Implement sorting
Opened this issue · 0 comments
Graph data has no natural sort order, so NQuads to HOWL conversion currently results in random ordering of subject and statements. We should add consistent, idempotent sorting methods for HOWL output. Sorting should be optional, but we might decide to sort by default for certain conversions.
The sort order has to make sense for the human reader, so she can quickly find the information she's looking for in the file. I think we have to divide the sort into "tiers".
Some predicates are more important than others. I prefer rdfs:label
and rdf:types
to come immediately after the subject, and other users will have different preferences. The easiest way I can think of for users to specify preferred predicate order is by specifying the LABELs for the predicates in the preferred order. So we should track the order of LABELs and use that as the first tier for soring statements.
The custom order is most important for predicates. I don't know if it should also apply to subjects and graphs. If not, then the next tier should be alphanumeric by label.

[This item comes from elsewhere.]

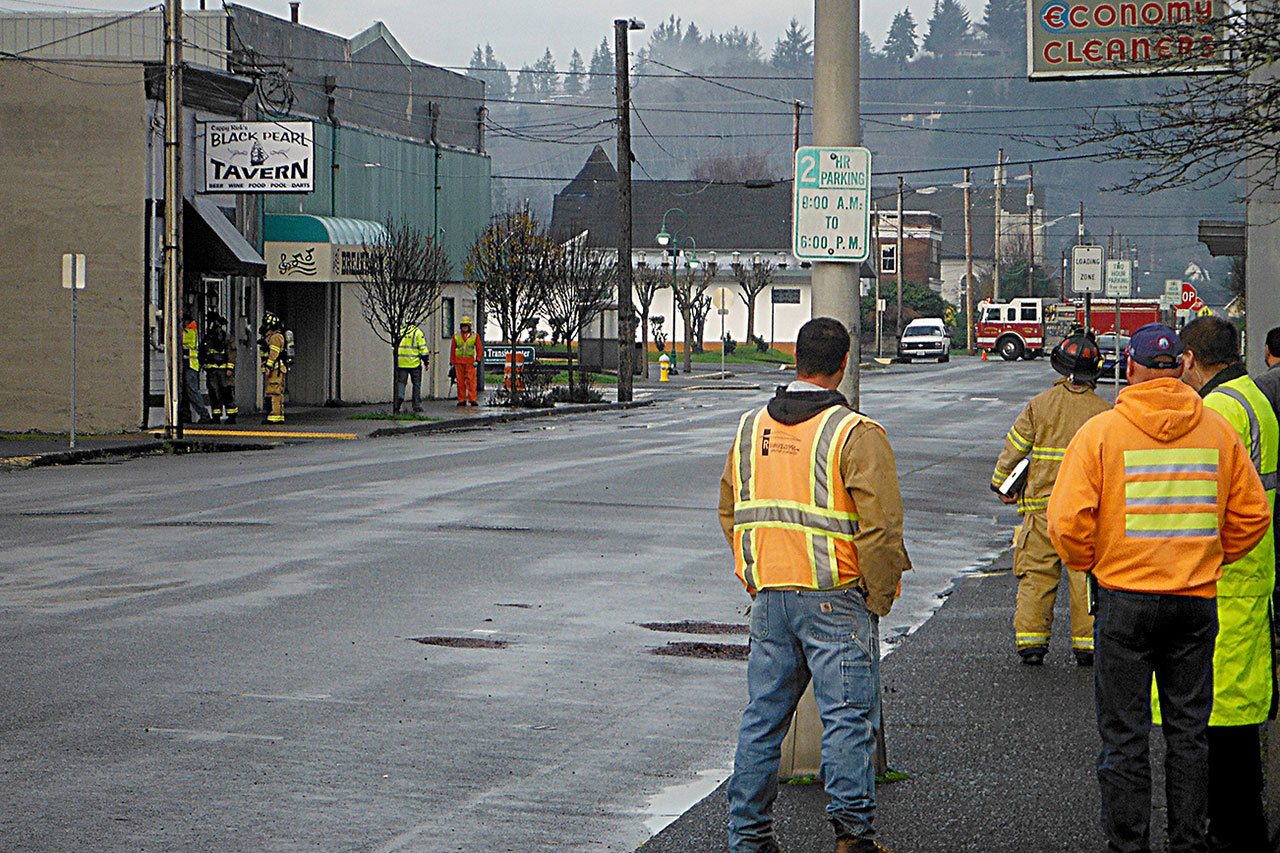 Hoquiam Fire and Cascade Natural Gas personnel investigate the source of the smell of natural gas Thursday morning. This is a view from the command post at Harbor Drug on J and 8th showing responders searching a building on the corner of J and 7th housing the Black Pearl Tavern and Breakroom Lounge. Several blocks of downtown Hoquiam were blocked for about an hour as the investigation progressed, and several businesses were evacuated. The scene was declared clear before 11 a.m., though a source of the odor has not yet been pinpointed. (DAN HAMMOCK|THE DAILY WORLD)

It would be better (but more expensive) to use natural number sorting for labels.
The next tiers should be alphanumeric prefixed names, then alphanumeric IRIs, then alphanumeric blank nodes.
-
graphs: default graph first, then named graphs in tiers: labels, prefixed names, IRIs
-
subjects: labels, prefixed names, IRIs, blank nodes
-
statements: LABELs, prefixed names, IRIs; then by object's lexical value (keeping annotations together).
We could also offer a simpler sort order: alphanumeric by IRI, with blank nodes last.